*Data extracts*.
--------

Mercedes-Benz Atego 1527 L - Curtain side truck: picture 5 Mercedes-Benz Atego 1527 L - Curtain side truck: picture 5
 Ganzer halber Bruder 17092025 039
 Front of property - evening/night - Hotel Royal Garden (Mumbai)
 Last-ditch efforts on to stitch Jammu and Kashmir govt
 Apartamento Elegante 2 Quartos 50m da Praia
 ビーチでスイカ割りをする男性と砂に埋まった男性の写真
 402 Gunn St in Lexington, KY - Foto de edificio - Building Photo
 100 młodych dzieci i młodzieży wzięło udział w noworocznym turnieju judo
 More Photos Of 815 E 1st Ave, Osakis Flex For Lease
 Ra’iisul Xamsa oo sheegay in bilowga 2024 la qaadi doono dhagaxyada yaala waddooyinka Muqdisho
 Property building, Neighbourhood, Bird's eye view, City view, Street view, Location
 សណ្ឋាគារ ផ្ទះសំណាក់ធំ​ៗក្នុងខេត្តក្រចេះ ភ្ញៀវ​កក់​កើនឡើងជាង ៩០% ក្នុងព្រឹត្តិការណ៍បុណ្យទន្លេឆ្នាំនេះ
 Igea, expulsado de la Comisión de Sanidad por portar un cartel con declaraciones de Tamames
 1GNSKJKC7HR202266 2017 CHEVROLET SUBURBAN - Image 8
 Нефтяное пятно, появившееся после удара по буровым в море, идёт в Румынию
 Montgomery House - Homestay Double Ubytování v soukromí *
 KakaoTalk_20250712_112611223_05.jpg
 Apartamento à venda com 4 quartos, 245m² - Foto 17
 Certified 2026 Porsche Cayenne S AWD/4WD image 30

--------

*What you have to do*. Starting with the line that contains "Property building, Neighbourhood, Bird's", return every line through the last one of the records, exactly as written.

*Result*.
 Property building, Neighbourhood, Bird's eye view, City view, Street view, Location
 សណ្ឋាគារ ផ្ទះសំណាក់ធំ​ៗក្នុងខេត្តក្រចេះ ភ្ញៀវ​កក់​កើនឡើងជាង ៩០% ក្នុងព្រឹត្តិការណ៍បុណ្យទន្លេឆ្នាំនេះ
 Igea, expulsado de la Comisión de Sanidad por portar un cartel con declaraciones de Tamames
 1GNSKJKC7HR202266 2017 CHEVROLET SUBURBAN - Image 8
 Нефтяное пятно, появившееся после удара по буровым в море, идёт в Румынию
 Montgomery House - Homestay Double Ubytování v soukromí *
 KakaoTalk_20250712_112611223_05.jpg
 Apartamento à venda com 4 quartos, 245m² - Foto 17
 Certified 2026 Porsche Cayenne S AWD/4WD image 30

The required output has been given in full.